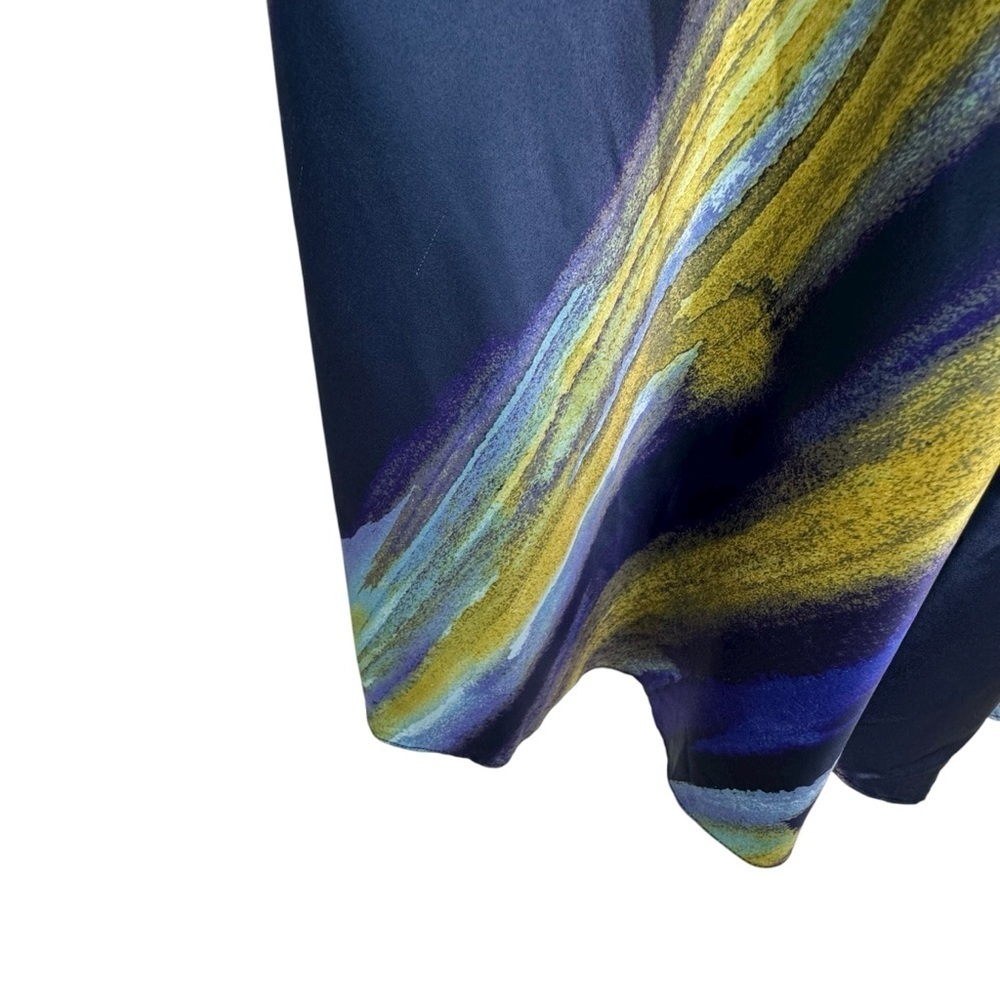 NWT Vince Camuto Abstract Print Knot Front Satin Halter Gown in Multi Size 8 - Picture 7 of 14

==

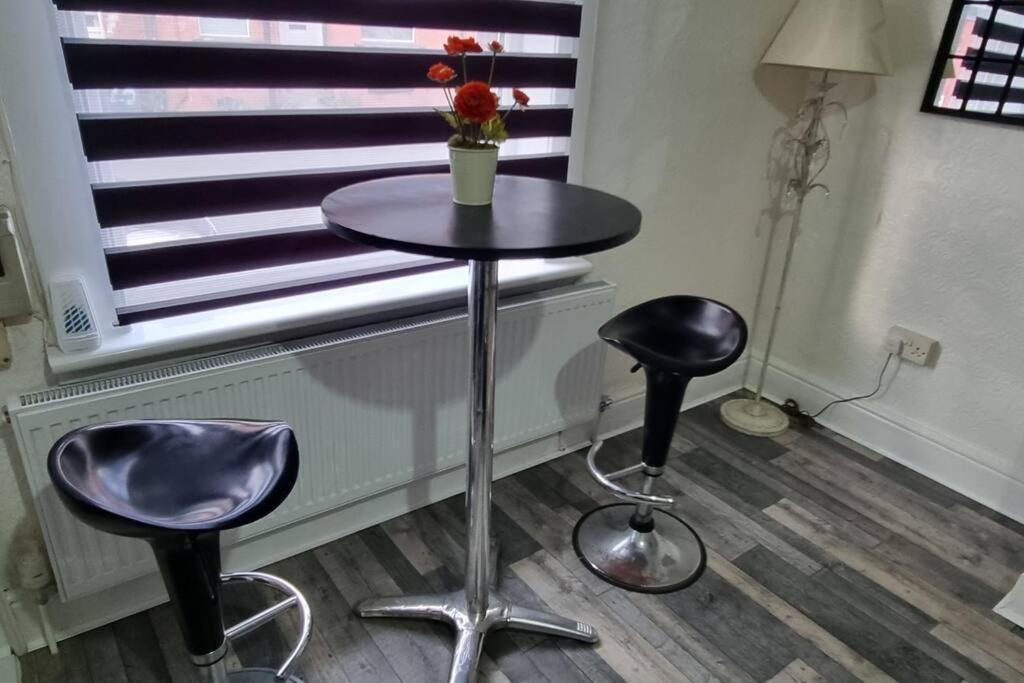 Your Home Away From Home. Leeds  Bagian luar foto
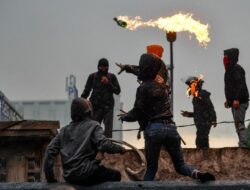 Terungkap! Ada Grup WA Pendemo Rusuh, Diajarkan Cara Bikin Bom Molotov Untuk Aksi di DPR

• What to produce
Write out exactly the lines above between the one with "Your Home Away" and the one with "Terungkap! Ada Grup", inclusive, with pictures left out.

• Output of the exercise
 Your Home Away From Home. Leeds  Bagian luar foto
 Terungkap! Ada Grup WA Pendemo Rusuh, Diajarkan Cara Bikin Bom Molotov Untuk Aksi di DPR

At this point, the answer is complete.